People's Embrace
- Formation: May 2021; 4 years ago
- Purpose: To facilitate defections from the Myanmar Armed Forces and Myanmar Police Force
- Region served: Myanmar
- Official language: Burmese
- Parent organization: National Unity Government
- Website: People's Embrace on Facebook

= People's Embrace =

People's Embrace (ပြည်သူ့ရင်ခွင်) is a network of individuals supporting the defection of personnel from the Myanmar Armed Forces and Myanmar Police Force. The network was established in May 2021 by military personnel in the aftermath of the 2021 Myanmar coup d'état to assist defectors and their families, including social services like accommodation, safe passage, and security. These services have often been coupled with financial incentives and monetary stipends to help supplant defectors' lost wages, although funding remains scarce. People's Embrace has been absorbed into the opposition National Unity Government's Ministry of Defense. Under military law, defectors who desert their posts can face the death penalty, and the families of defectors face retaliation. The network is supported by hundreds of volunteers. People's Embrace is part of a broader civil disobedience movement (CDM) among Burmese who oppose the 2021 military coup.
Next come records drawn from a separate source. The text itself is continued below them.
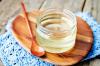 Photo for Inverted Sugar Syrups Market Opportunity and Industry Expansion Strategies 2023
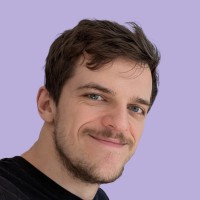 Uniform Employee Ante Sepic's profile photo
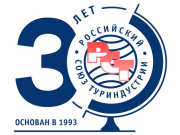 На V Всероссийский конгресс турагентов уже зарегистрировались более 300 руководителей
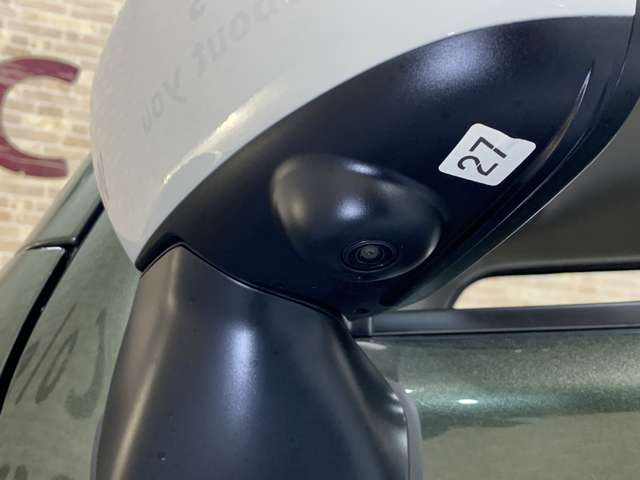 スズキ ハスラー ６６０ ハイブリッド Ｇターボ R7年 () 99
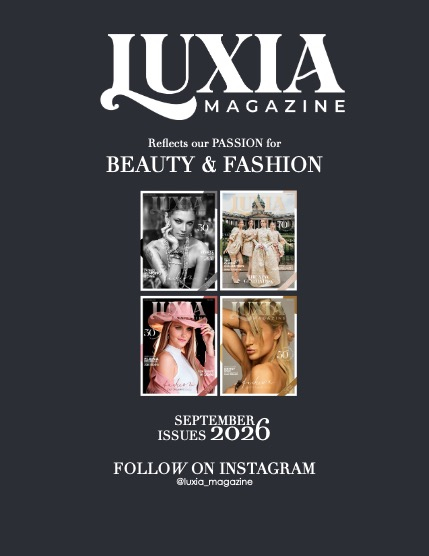 Luxia Mag 670, page 2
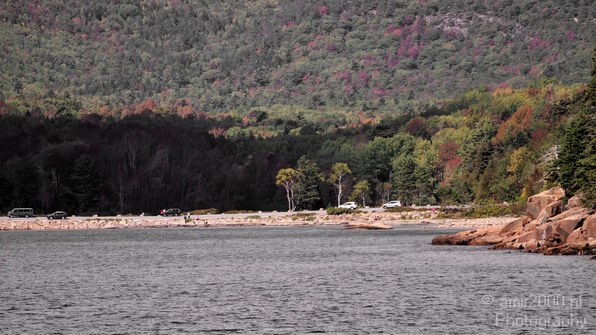Acadia_National_Park_Maine_Fall_USA_Nature_Photography_103_Canon_EOS_7D.JPG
As of January 2023, 3,000 soldiers and 7,000 police officers have defected since the coup. The majority of defections occurred between June and December 2021. However, over the last 60 years, the Burmese military has remained largely cohesive, supported by a system of rewards and punishments and a rigorous indoctrination process.

An independent program called People's Soldiers also operates a digital outreach campaign and a network of volunteers offering safe passage, shelter and food.